Reproduce the records below exactly, but only between the lines holding "797 Holiday Rentals" and "Arknights: Endfield Huggy", inclusive.

Materials provided –
=== Begin Enclosure ===

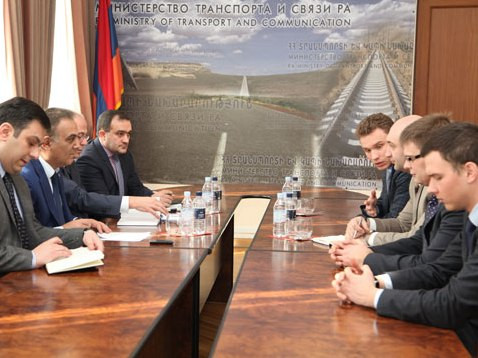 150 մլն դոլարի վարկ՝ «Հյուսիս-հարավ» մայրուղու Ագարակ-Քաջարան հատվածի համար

=== End Enclosure ===
=== Begin Enclosure ===

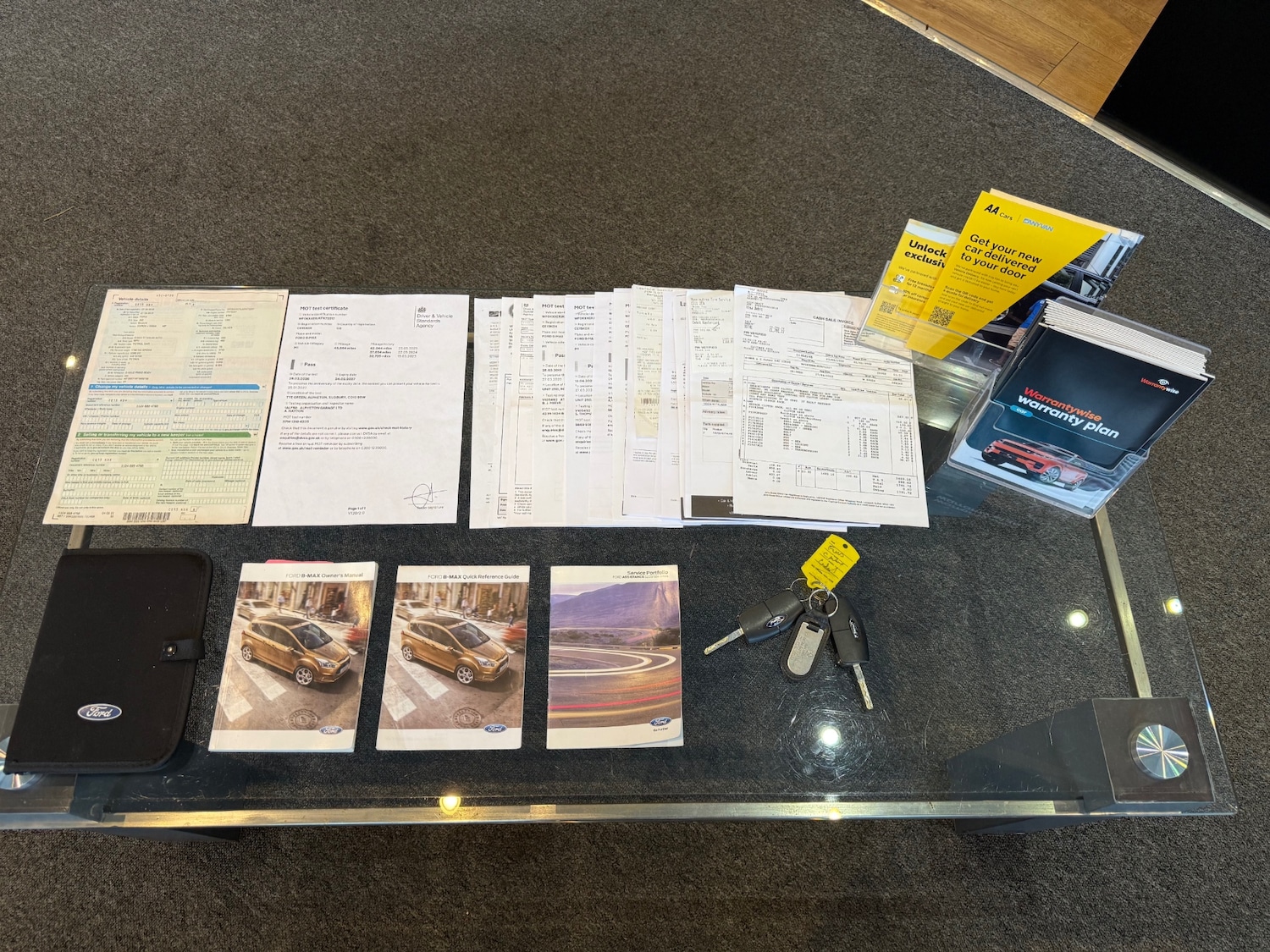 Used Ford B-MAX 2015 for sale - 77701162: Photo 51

=== End Enclosure ===
=== Begin Enclosure ===

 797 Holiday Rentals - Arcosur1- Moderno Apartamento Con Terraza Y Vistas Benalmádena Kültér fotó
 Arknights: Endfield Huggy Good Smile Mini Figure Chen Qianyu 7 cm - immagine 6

=== End Enclosure ===

Response for this exercise –
 797 Holiday Rentals - Arcosur1- Moderno Apartamento Con Terraza Y Vistas Benalmádena Kültér fotó
 Arknights: Endfield Huggy Good Smile Mini Figure Chen Qianyu 7 cm - immagine 6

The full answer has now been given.